Per altro verso, anche qualora si volesse (in ipotesi) prendere in considerazione la diffida rivolta al Comune di Sperlonga dall’ing. D F a seguito della sentenza n. 845/12, resterebbe ugualmente ferma la conclusione dell’inammissibilità del gravame, per quanto visto più sopra al punto c) e cioè per il fatto che a tale diffida il Comune di Sperlonga ha risposto, ancorché negativamente, con nota prot. n. 4712 del 9 marzo 2013. Anche sotto profilo, dunque, non sono rinvenibili i presupposti per l’attivazione dei poteri sostitutivi della Regione: se, infatti, il Comune ha già provveduto in merito, pur con una risposta negativa, non è ovviamente configurabile alcuna inerzia del Comune stesso e, pertanto, manca il presupposto per l’esercizio del potere sostitutivo regionale. In questa prospettiva, anzi, l’unica via percorribile sarebbe stata l’impugnazione del diniego comunale.

In relazione a quanto emerso in sede di discussione della causa in Camera di consiglio, c’è, inoltre, da rilevare che, se con il ricorso in epigrafe si è inteso stimolare la Regione all’esecuzione di attività materiali di ricognizione dello stato dei luoghi, il ricorso stesso risulta ugualmente inammissibile, in quanto il rito del silenzio ex artt. 31 e 117 c.p.a. non è esperibile nel caso di obblighi di eseguire che richiedano, per il loro esperimento, un’attività materiale e non provvedimentale (T.A.R. Campania, Sez. III, 8 luglio 2013, n. 3553).

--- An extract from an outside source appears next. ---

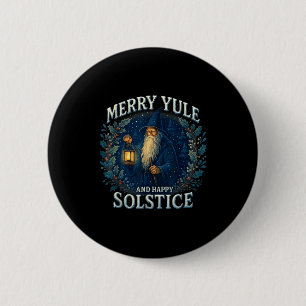 Merry Yule And Happy Solstice Mystic Winter Quote  6 Cm Round Badge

Da ultimo, mette conto precisare che l’inammissibilità del gravame emerge anche qualora si ritenga che con esso i ricorrenti abbiano inteso stimolare la Regione a dare esecuzione alla sentenza penale n. 845/12, lì dove questa ordina (p. 85) la demolizione delle opere abusive e la riduzione in pristino dello stato dei luoghi a cura e spese dei condannati: è evidente, infatti, che si tratta di adempimento che fuoriesce dall’ambito dei poteri di cui all’art. 31, comma 8 del d.P.R. n. 380/2001 ed all’art. 15, comma 7, della l.r. n. 15/2008.

In definitiva, quale che sia la prospettiva che si adotti al riguardo, il ricorso è inammissibile e deve, perciò, essere dichiarato tale.

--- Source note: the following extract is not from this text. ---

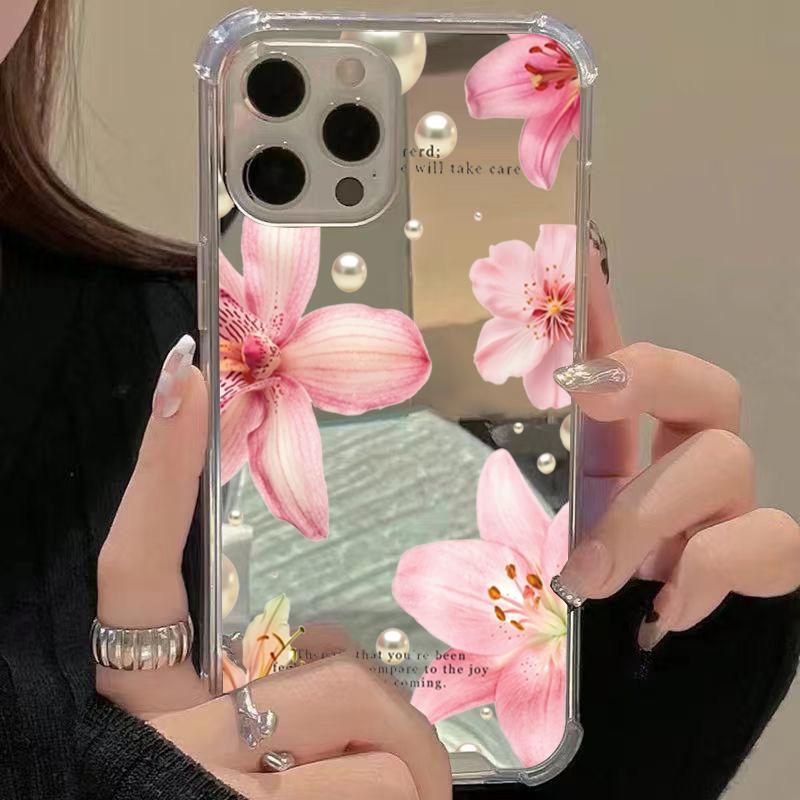 Lily Flower Pattern Mirror Soft Phone Case For iPhone 11 12 13 14 15 16 Pro Max XS X XR 7 8 Plus Make Up Mirror Shockproof Cover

L’inammissibilità del ricorso esonera il Collegio dall’obbligo di esaminare la sussistenza o meno di autonome cause di inammissibilità dell’intervento.

Le spese seguono la soccombenza e vengono liquidate come da dispositivo a carico dei ricorrenti e dell’interveniente ad adiuvandum. Deve essere, invece, respinta la domanda della controinteressata di condanna dei ricorrenti al pagamento della sanzione pecuniaria per lite temeraria ai sensi dell’art. 26, comma 2, c.p.a., sotto il profilo dell’abuso del diritto che sarebbe stato da essi perpetrato con la proposizione del ricorso, trattandosi – in questa prospettiva – della mera riedizione del gravame già dichiarato inammissibile da questa Sezione con sentenza n. 187/2011. In contrario si deve, tuttavia, evidenziare il sopravvenire di un fattore di novità rispetto alla situazione fattuale esistente al tempo dell’instaurazione del giudizio definito con la sentenza n. 187/2011 cit., cioè la pubblicazione della sentenza penale di condanna n. 845/12, che dedica un apposito passaggio (cfr. pp. 64 e ss.) anche al reato consumato con la realizzazione di un muraglione confinante con la proprietà del sig. T, in violazione della normativa sull’attività edilizia e di quella antisismica. Alla luce del mutato quadro fattuale, deve, perciò, escludersi che nel caso in esame ci si trovi dinanzi ad una fattispecie di abuso del diritto, sub specie di abuso dello strumento processuale: donde l’infondatezza della domanda di condanna ex art. 26, comma 2, c.p.a. proposta dalla controinteressata.